Fazal Sheikh

Fazal Sheikh

Qurban Gul met een foto van haar zoon Mula Awaz, Afghaans vluchtelingendorp, Khairabad, Noord Pakistan © Fazal Sheikh 2009

In het najaar van 2009 presenteert Huis Marseille voor het eerste een groot retrospectief van de Amerikaanse fotograaf Fazal Sheikh (New York, 1965). Sheikh is geen onbekende in Nederland. Eerder exposeerde hij in het Nederlands Fotomuseum (1997, 2001) en tijdens het Fotofestival Noorderlicht (1997). Daar liet hij zijn indrukwekkende portretseries zien van ontheemden en vluchtelingen in Afrika en Azië. Deze tentoonstellingen markeerden het begin van een mooie carrière. In monumentale en verstilde zwart-wit portretten geeft Fazal Sheikh de mensen in vluchtelingenkampen in Kenia, Tanzania en Pakistan een gezicht en een naam, en daarnaast tekent hij hun verhalen op in uitgebreide getuigenissen. Nu heeft Fazal Sheikh zijn oeuvre substantieel uitgebouwd. De tentoonstelling in Huis Marseille laat ook zijn meest recente fotoseries zien die hij in India maakte van vrouwen en kinderen die onder barre omstandigheden moeten zien te overleven. De tentoonstelling is samengesteld in nauwe samenwerking met de Fundación MAPFRE in Madrid, waar de expositie eerder te zien was.

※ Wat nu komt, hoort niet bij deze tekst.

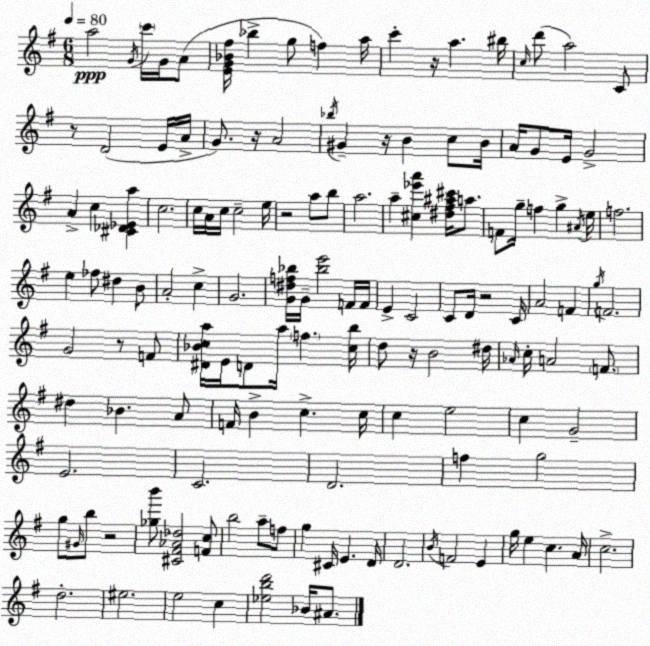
X:1
T:Untitled
M:6/8
L:1/4
K:G
a2 G/4 c'/4 G/4 A/2 [EG_B^f]/4 _b g/2 f a/4 c' z/4 a ^b/4 c/4 d'/2 a2 C/2 z/2 D2 E/4 A/4 G/2 z/4 A2 _b/4 ^G z/4 B c/2 B/4 A/4 G/2 E/4 G2 A c [^C_D_Ea] c2 c/4 A/4 c/4 c2 e/4 z2 a/2 b/2 a2 a [^c_e'a'] [^d^f^a^c']/4 a/2 F/2 g/4 f g ^A/4 e/4 f2 e _f/2 ^d B/2 A2 c G2 [G^df_b]/4 G/4 [_be']2 F/4 F/4 E C2 C/2 D/4 z2 C/4 A2 F g/4 F2 G2 z/2 F/2 [^D_Bca]/4 E/4 D/2 a/4 f [cb]/4 d/2 z/4 B2 ^d/4 _A/4 c/4 A2 F/2 ^d _B A/2 F/4 B c c/4 c e2 c G2 E2 C2 D2 f g2 g/2 ^G/4 b/2 z2 [_gb']/2 [^C^F_A_d]2 [Fc]/2 b2 a/2 f/2 g ^C/4 E D/4 D2 B/4 F2 E g/4 e c A/4 c2 d2 ^e2 e2 c [_ebd']2 _B/4 ^A/2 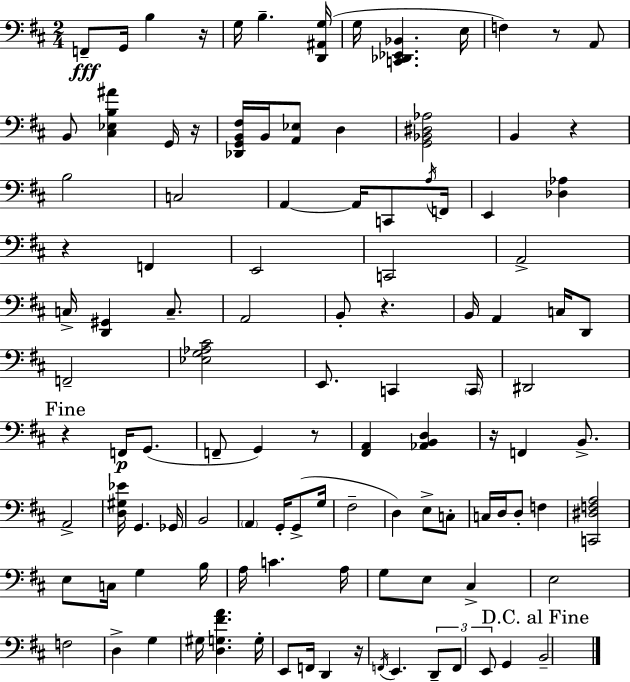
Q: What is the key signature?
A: D major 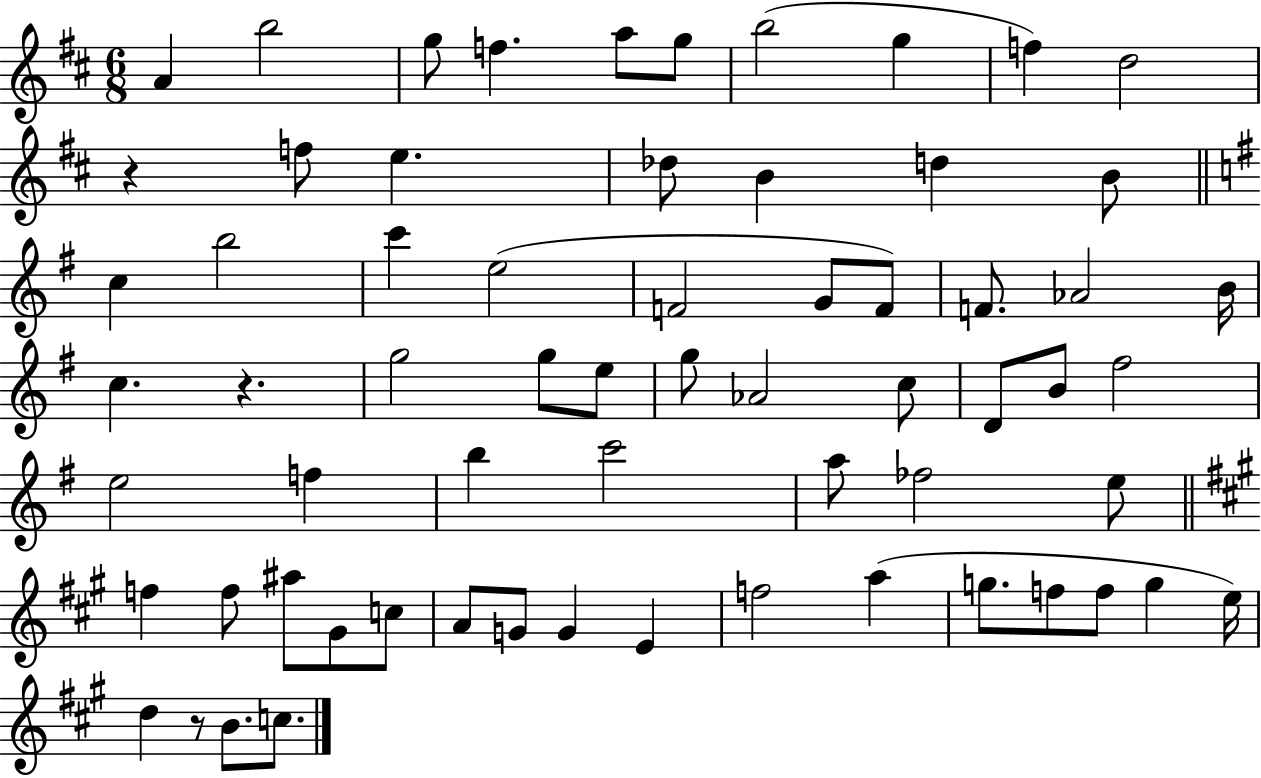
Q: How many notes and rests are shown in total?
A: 65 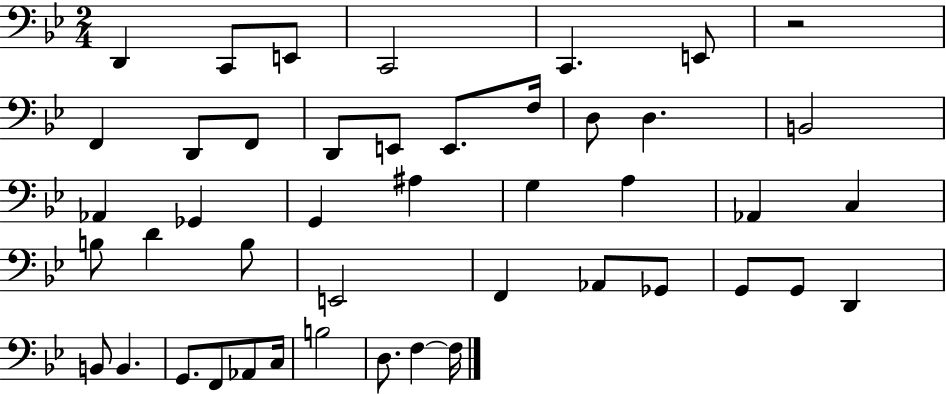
{
  \clef bass
  \numericTimeSignature
  \time 2/4
  \key bes \major
  \repeat volta 2 { d,4 c,8 e,8 | c,2 | c,4. e,8 | r2 | \break f,4 d,8 f,8 | d,8 e,8 e,8. f16 | d8 d4. | b,2 | \break aes,4 ges,4 | g,4 ais4 | g4 a4 | aes,4 c4 | \break b8 d'4 b8 | e,2 | f,4 aes,8 ges,8 | g,8 g,8 d,4 | \break b,8 b,4. | g,8. f,8 aes,8 c16 | b2 | d8. f4~~ f16 | \break } \bar "|."
} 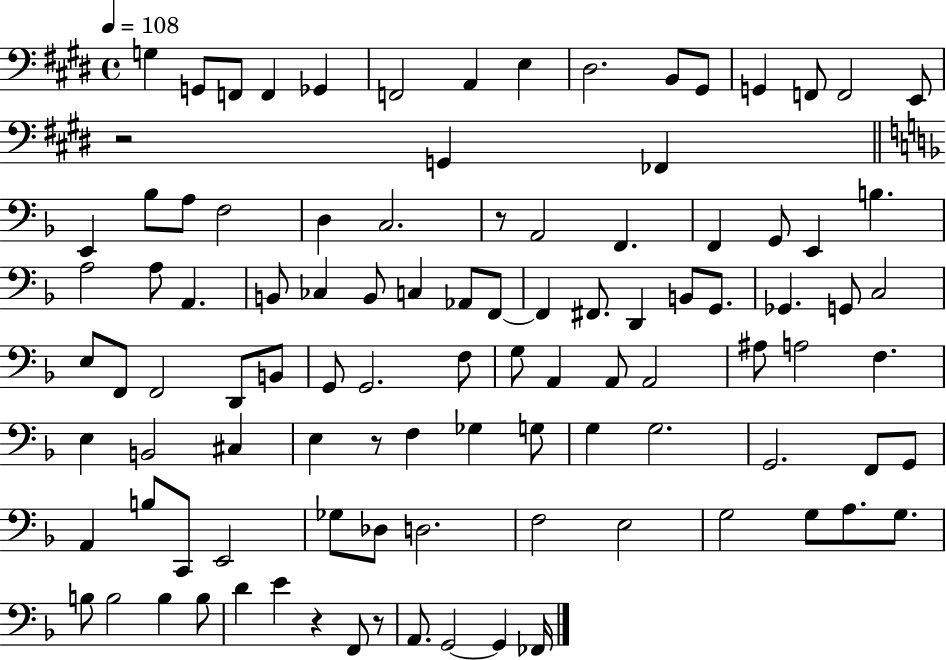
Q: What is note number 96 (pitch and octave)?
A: G2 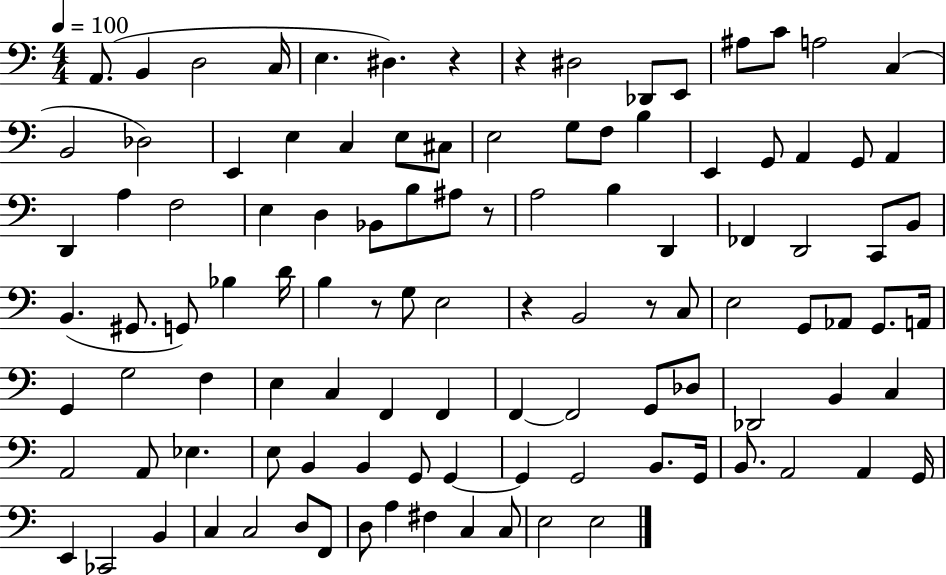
{
  \clef bass
  \numericTimeSignature
  \time 4/4
  \key c \major
  \tempo 4 = 100
  a,8.( b,4 d2 c16 | e4. dis4.) r4 | r4 dis2 des,8 e,8 | ais8 c'8 a2 c4( | \break b,2 des2) | e,4 e4 c4 e8 cis8 | e2 g8 f8 b4 | e,4 g,8 a,4 g,8 a,4 | \break d,4 a4 f2 | e4 d4 bes,8 b8 ais8 r8 | a2 b4 d,4 | fes,4 d,2 c,8 b,8 | \break b,4.( gis,8. g,8) bes4 d'16 | b4 r8 g8 e2 | r4 b,2 r8 c8 | e2 g,8 aes,8 g,8. a,16 | \break g,4 g2 f4 | e4 c4 f,4 f,4 | f,4~~ f,2 g,8 des8 | des,2 b,4 c4 | \break a,2 a,8 ees4. | e8 b,4 b,4 g,8 g,4~~ | g,4 g,2 b,8. g,16 | b,8. a,2 a,4 g,16 | \break e,4 ces,2 b,4 | c4 c2 d8 f,8 | d8 a4 fis4 c4 c8 | e2 e2 | \break \bar "|."
} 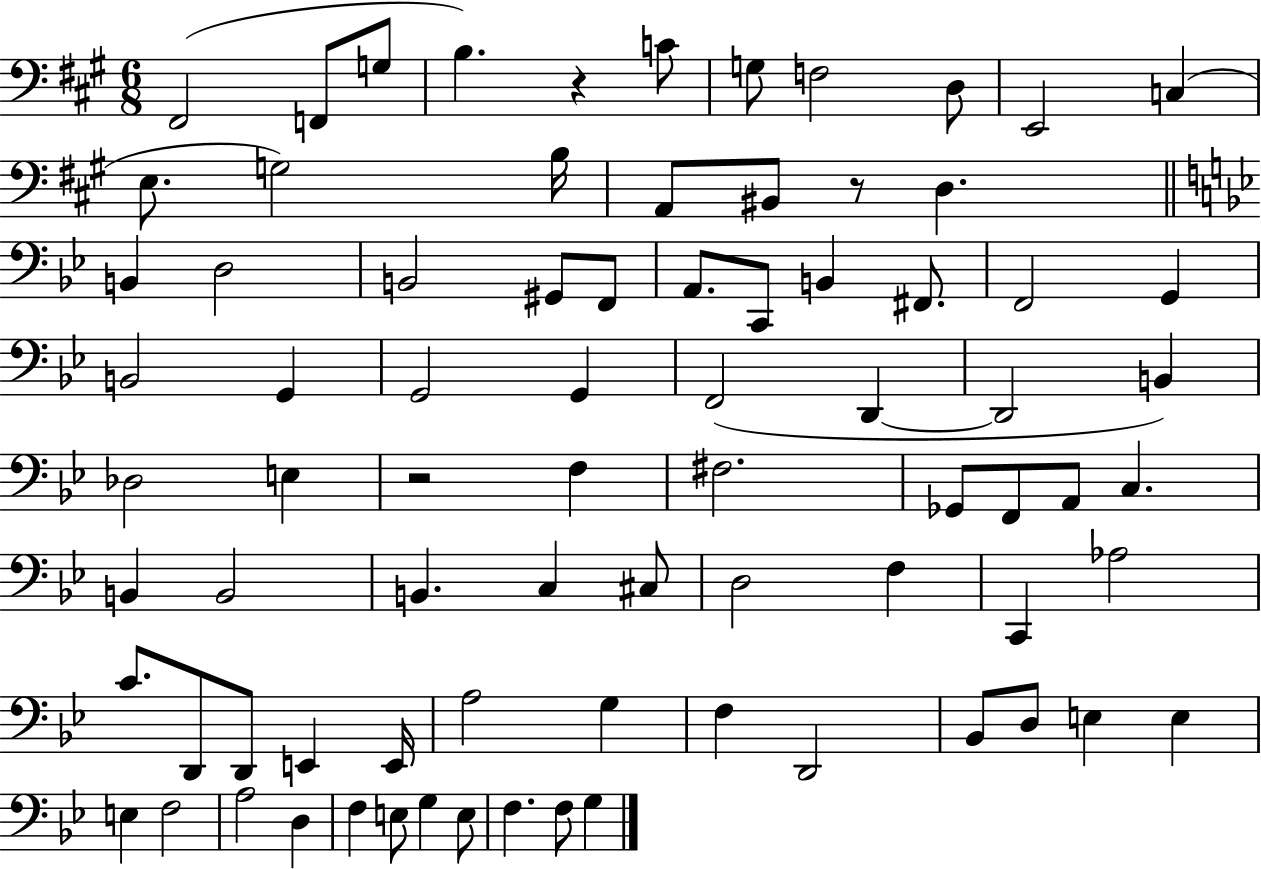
F#2/h F2/e G3/e B3/q. R/q C4/e G3/e F3/h D3/e E2/h C3/q E3/e. G3/h B3/s A2/e BIS2/e R/e D3/q. B2/q D3/h B2/h G#2/e F2/e A2/e. C2/e B2/q F#2/e. F2/h G2/q B2/h G2/q G2/h G2/q F2/h D2/q D2/h B2/q Db3/h E3/q R/h F3/q F#3/h. Gb2/e F2/e A2/e C3/q. B2/q B2/h B2/q. C3/q C#3/e D3/h F3/q C2/q Ab3/h C4/e. D2/e D2/e E2/q E2/s A3/h G3/q F3/q D2/h Bb2/e D3/e E3/q E3/q E3/q F3/h A3/h D3/q F3/q E3/e G3/q E3/e F3/q. F3/e G3/q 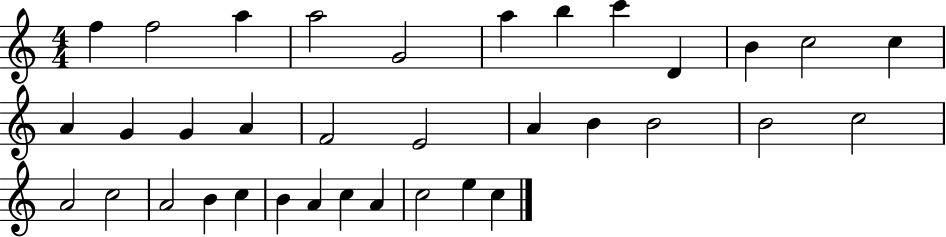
X:1
T:Untitled
M:4/4
L:1/4
K:C
f f2 a a2 G2 a b c' D B c2 c A G G A F2 E2 A B B2 B2 c2 A2 c2 A2 B c B A c A c2 e c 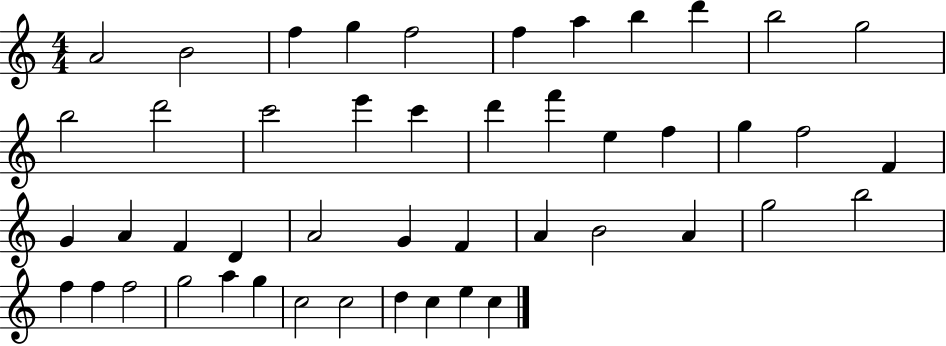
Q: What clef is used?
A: treble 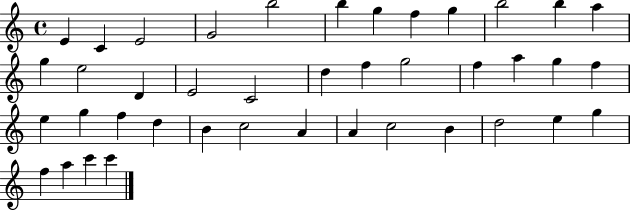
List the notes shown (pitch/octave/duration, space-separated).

E4/q C4/q E4/h G4/h B5/h B5/q G5/q F5/q G5/q B5/h B5/q A5/q G5/q E5/h D4/q E4/h C4/h D5/q F5/q G5/h F5/q A5/q G5/q F5/q E5/q G5/q F5/q D5/q B4/q C5/h A4/q A4/q C5/h B4/q D5/h E5/q G5/q F5/q A5/q C6/q C6/q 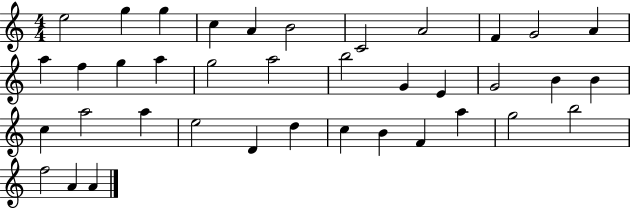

In monumentale en verstilde zwart-wit portretten laat Fazal Sheikh mensen die hun vaderland zijn ontvlucht, als individuen zien, met respect voor hun waardigheid, en niet als symbool van de politieke conflicten waar zij het slachtoffer van zijn geworden. Om dit te kunnen bereiken en hun vertrouwen te winnen brengt hij veel tijd met ze door. Alleen zo kan hij hen ontspannen voor de camera laten poseren. De band die zij met de fotograaf hebben opgebouwd reflecteert in de open manier waarop de meeste van hen in de camera kijken. Fazal Sheikh heeft zich onder andere laten inspireren door de Duitse fotograaf August Sander (1876-1964) die ten tijde van de Weimar Republiek burgers uit verschillende beroepen, rangen en standen portretteerde in onopgesmukt zwart wit. In de loop der jaren is Sheikh zich steeds meer op het gezicht gaan concentreren, en heeft het landschap en de omgeving uiteindelijk plaats gemaakt voor een eenvoudig wit laken als achtergrond. Door zijn ervaring en groter gevoel van vertrouwen en trefzekerheid, heeft hij de geportretteerden soms zo dicht kunnen benaderen dat zijn eigen reflectie zichtbaar is in hun pupillen. De verhalen die de geportretteerde mensen hem tijdens zijn verblijf vertellen, ziet Sheikh als essentieel onderdeel van zijn fotografie. In 1998 is hij begonnen met het verzamelen van deze getuigenissen om ze in directe relatie tot zijn foto’s te presenteren. Het bijna serene beeld vormt zo een indringend contrast met de vaak gewelddadige context.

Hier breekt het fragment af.